*** EXERCISE INPUT Section Begins ***

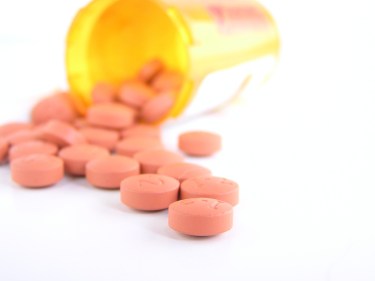 A bottle of pills being poured out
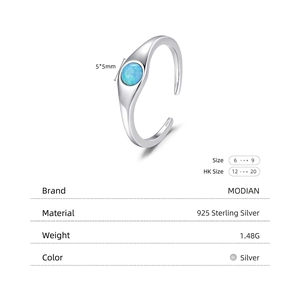 Exquisite S925 sterling silver open ring featuring a round blue opal stone in retro style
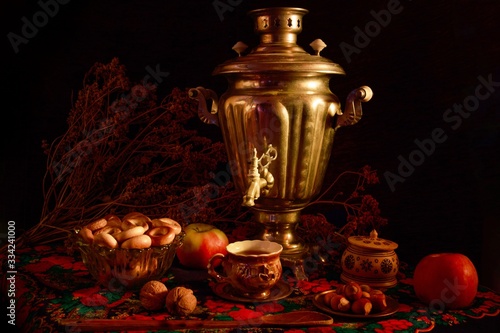 Canvas Print Closeup shot of a samovar in a beautiful interior setting on a black background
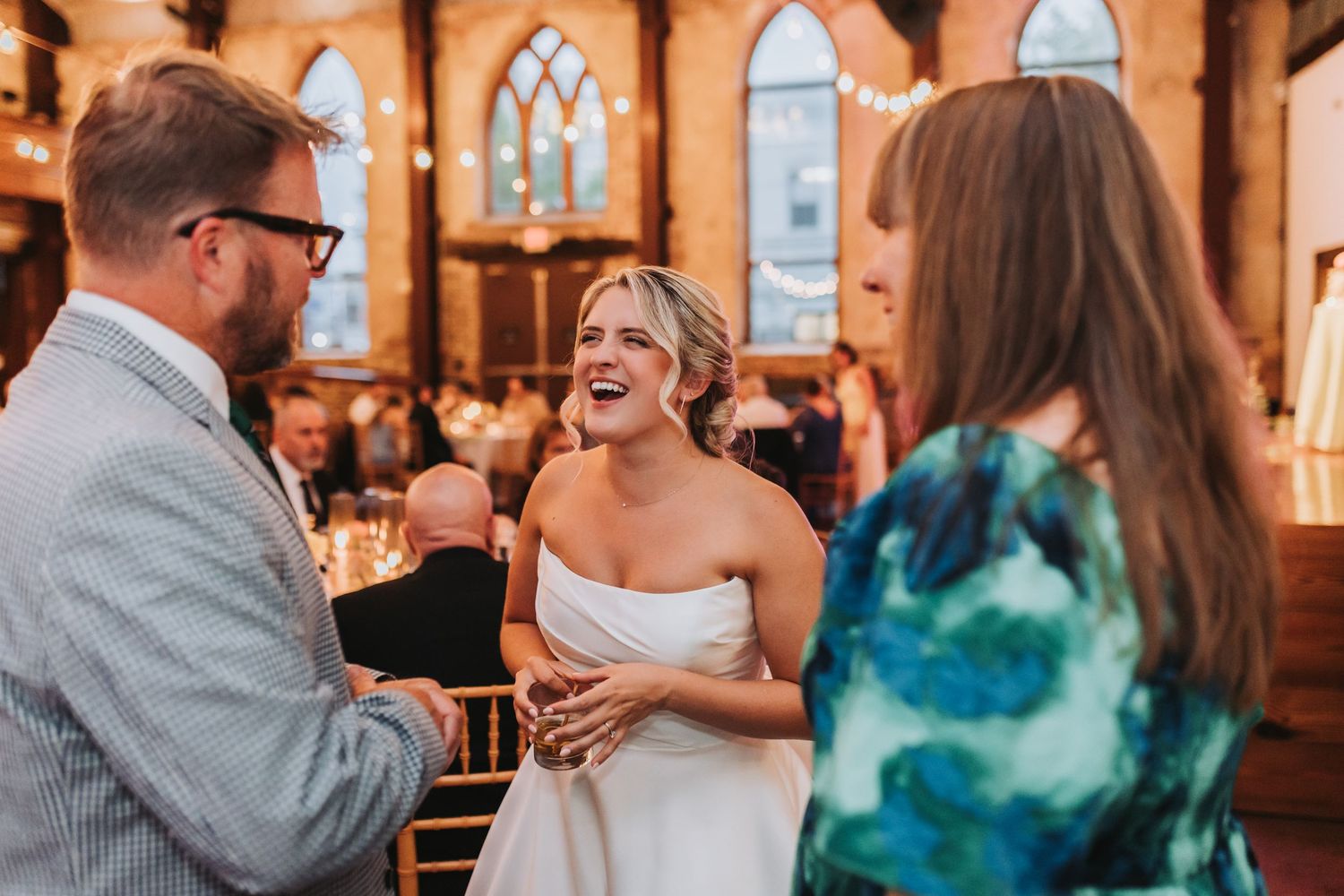 Smiling bride in strapless gown laughs with wedding guests inside a historic venue.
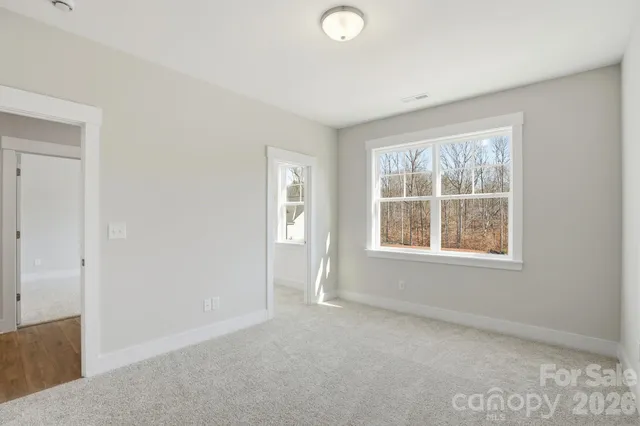 an empty room with windows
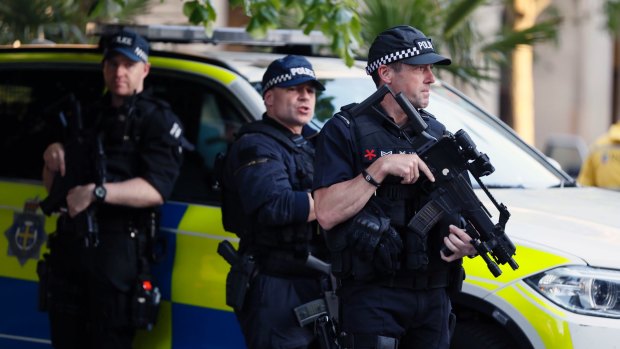 Armed police watch over a vigil in Albert Square, Manchester, on Tuesday.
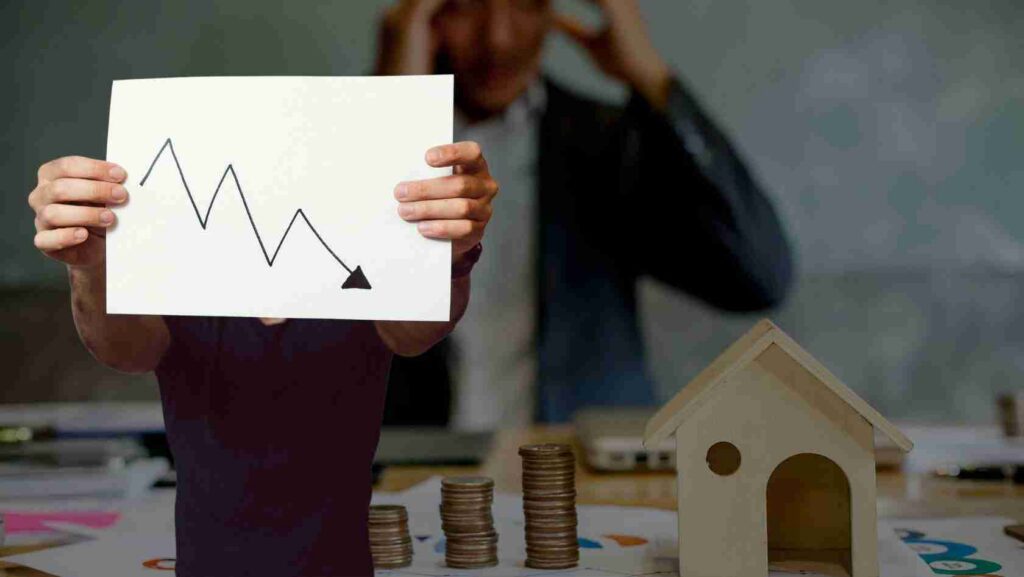 Person holding a white chart with a downward line, coins stacked nearby, and a small house model on a desk.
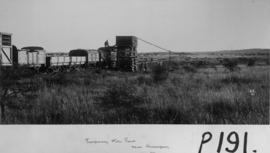Kraaipan, 1895. Locomotive taking water from temporary water tank. (EH Short)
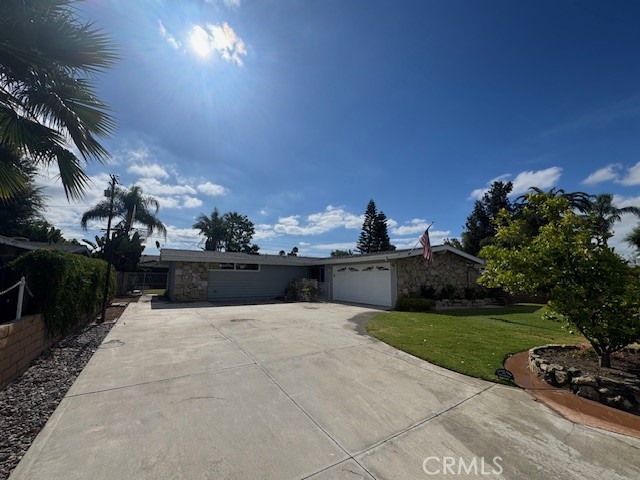This beautifully updated Mid-Century modern single-story residence offers an inviting and versatile floorplan. At about 1,736 sqft, it includes three bedrooms and two full bathrooms, highlighted by vaulted wood beam ceilings, hardwood floors, and skylights that flood the living spaces with light. The living area features a cozy family room with a romantic gas-insert fireplace with remote control. Adjacencies include a large game/media room with its own air-conditioning unit, ideal for gatherings or entertainment. The kitchen is a galley-style layout with quartz countertops and a custom bump-out breakfast nook, complemented by a drop-down dining room and a dedicated interior laundry area
Set on a generous 7,208 sqft lot at the end of a quiet cul-de-sac, the home enjoys privacy and potential outdoor amenities such as space to add a private pool. A large storage shed is included. The long paved driveway accommodates at least six vehicles in addition to the attached two-car garage. A new roof was installed in 2021, ensuring structural peace of mind. Its central location provides easy access to the I-5 and I-55 freeways, and is just 15 minutes from Orange County Airport and 25 minutes to Newport Beach. Plus, it lies within the highly regarded Tustin school district, with schools rated among the top in the area and within two miles of the property
New interior and exterior paint, home is awaiting your furniture and is basically turn key ready.
House is currently owned by USMS and will be sold AS IS at their discretion. Agent will disclose full details of sale. All information contained here in is deemed reliable, however it is the responsibility of buyer and buyer's agent to confirm.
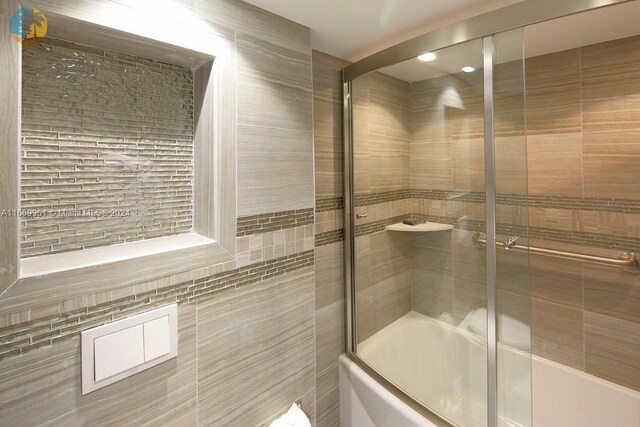 bathroom featuring bath / shower combo with glass door and tile walls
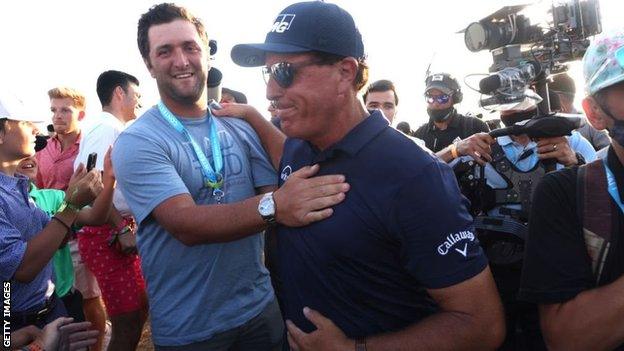 Jon Rahm congratulates Phil Mickelson on his victory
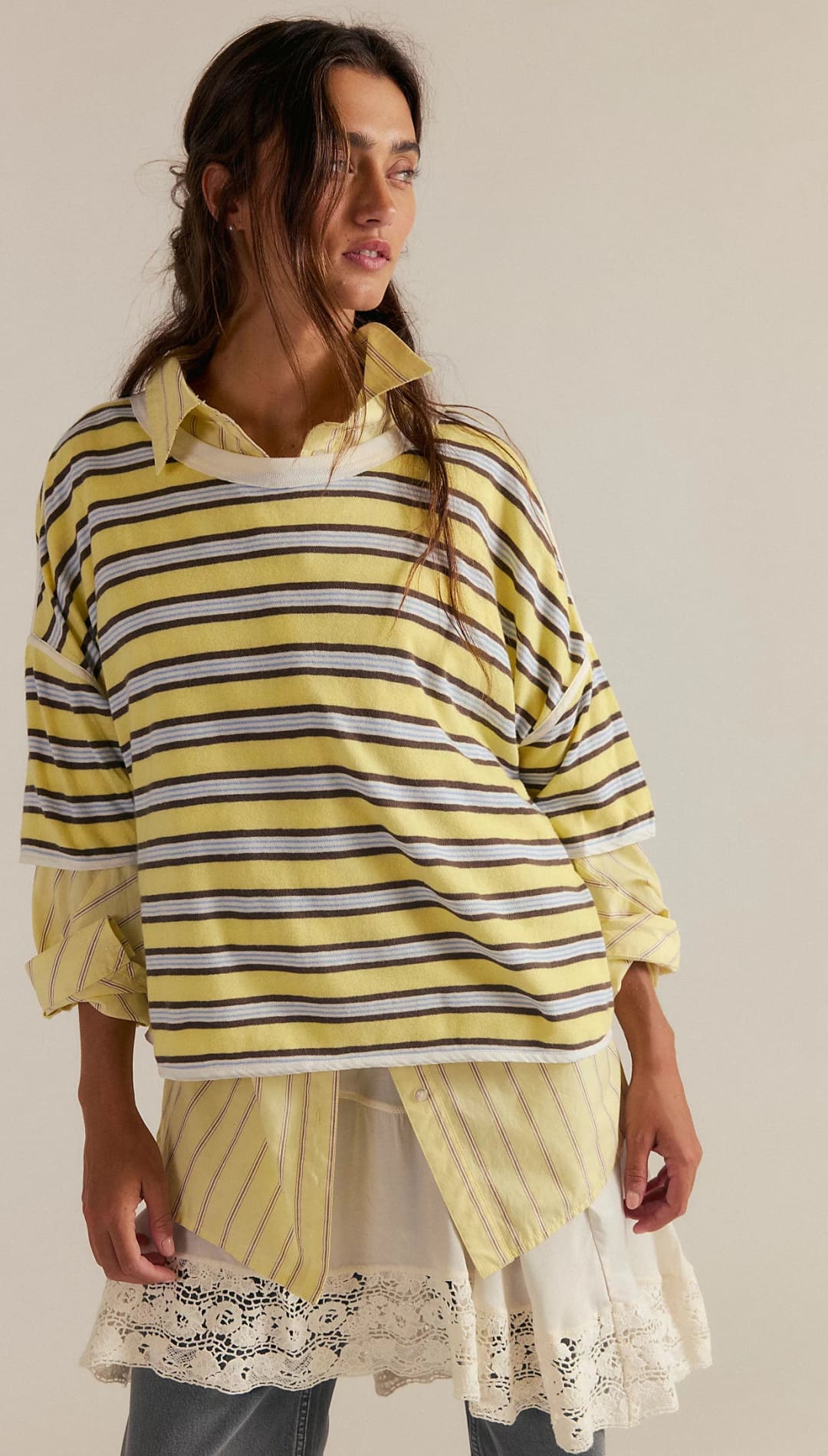 Yellow striped oversized shirt with lace trim and layered design.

*** EXERCISE INPUT Section Ends ***

ASSIGNED TASK: Repeat every entry exactly, but leave out the pictures.

WRITTEN REPLY:
 A bottle of pills being poured out
 Exquisite S925 sterling silver open ring featuring a round blue opal stone in retro style
 Canvas Print Closeup shot of a samovar in a beautiful interior setting on a black background
 Smiling bride in strapless gown laughs with wedding guests inside a historic venue.
 an empty room with windows
 Armed police watch over a vigil in Albert Square, Manchester, on Tuesday.
 Person holding a white chart with a downward line, coins stacked nearby, and a small house model on a desk.
Kraaipan, 1895. Locomotive taking water from temporary water tank. (EH Short)
This beautifully updated Mid-Century modern single-story residence offers an inviting and versatile floorplan. At about 1,736 sqft, it includes three bedrooms and two full bathrooms, highlighted by vaulted wood beam ceilings, hardwood floors, and skylights that flood the living spaces with light. The living area features a cozy family room with a romantic gas-insert fireplace with remote control. Adjacencies include a large game/media room with its own air-conditioning unit, ideal for gatherings or entertainment. The kitchen is a galley-style layout with quartz countertops and a custom bump-out breakfast nook, complemented by a drop-down dining room and a dedicated interior laundry area
Set on a generous 7,208 sqft lot at the end of a quiet cul-de-sac, the home enjoys privacy and potential outdoor amenities such as space to add a private pool. A large storage shed is included. The long paved driveway accommodates at least six vehicles in addition to the attached two-car garage. A new roof was installed in 2021, ensuring structural peace of mind. Its central location provides easy access to the I-5 and I-55 freeways, and is just 15 minutes from Orange County Airport and 25 minutes to Newport Beach. Plus, it lies within the highly regarded Tustin school district, with schools rated among the top in the area and within two miles of the property
New interior and exterior paint, home is awaiting your furniture and is basically turn key ready.
House is currently owned by USMS and will be sold AS IS at their discretion. Agent will disclose full details of sale. All information contained here in is deemed reliable, however it is the responsibility of buyer and buyer's agent to confirm.
 bathroom featuring bath / shower combo with glass door and tile walls
 Jon Rahm congratulates Phil Mickelson on his victory
 Yellow striped oversized shirt with lace trim and layered design.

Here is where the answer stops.